Clarificative evaluation of resources for curriculum 'roll-out': The co-design of an empirical protocol

Abstract:
Curriculum is understood in a variety of ways underpinned by differing ideological orientations and grounded in social, political, and historical traditions. Acknowledging discrepancies between what is planned or intended and what happens in classrooms does not sufficiently capture the role of the teacher as a maker of curriculum, playing an active role in negotiating curriculum. Rather than delivering or implementing an inert imposed curriculum, teachers create and enact curriculum. Viewing curriculum as a complex social practice sits in tension with system desires for consistent implementation of curriculum reform achieved through the use of syllabus-specific practices promoted by the department. We describe the multi-method, qualitative protocol designed to evaluate the reform in a way that grapples with this tension; meeting the goals of the department while affording a critical perspective on the interplay between reform initiatives and the curriculum work and experiences of teachers.

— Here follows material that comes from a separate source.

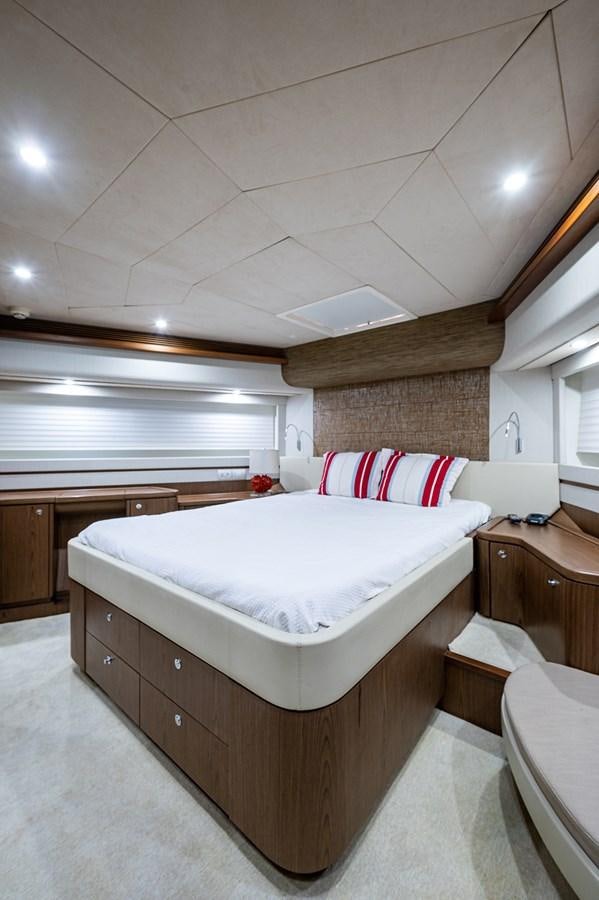 a bedroom with a bed and a window aboard FERRETTI Yacht for Sale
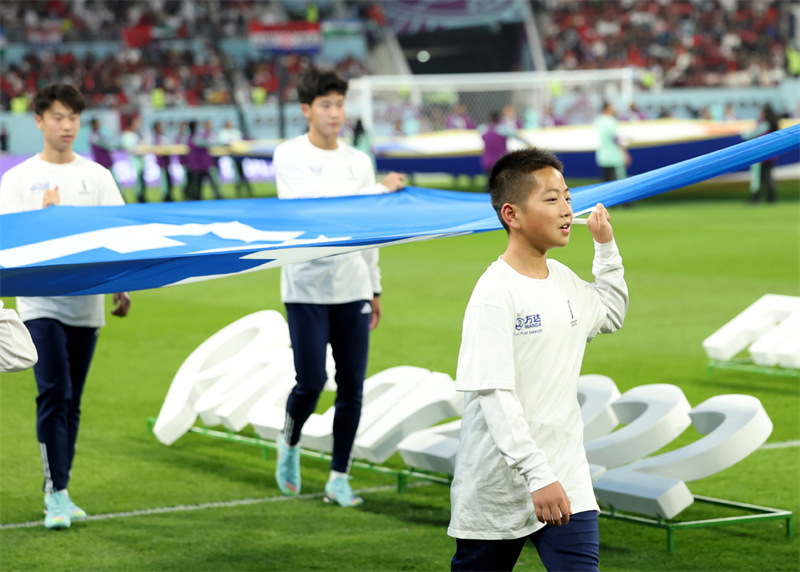 Jin Cancan (premier rang) appara?t en tant qu'un des porteurs du drapeau de la FIFA avant le match pour la troisième place entre la Croatie et le Maroc de la Coupe du Monde de la FIFA au Stade international Khalifa, à Doha, au Qatar, le 17 décembre 2022. (Photo / Xinhua)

The protocol includes a theory of change and program logic model to be designed with the department, along with the aims, methods, sampling design, data collection, and analysis processes, and final intended outcomes of the project. We describe the development of rubrics, interview guides, and artefact analysis processes designed to examine the ways in which teachers have used resources provided by the department. The significance of the protocol lies in its emphasis on co-design. Implications include insights aligning with the utility of such a protocol for meeting the needs of an educational governing body in concert with the agentic curriculum work of teachers.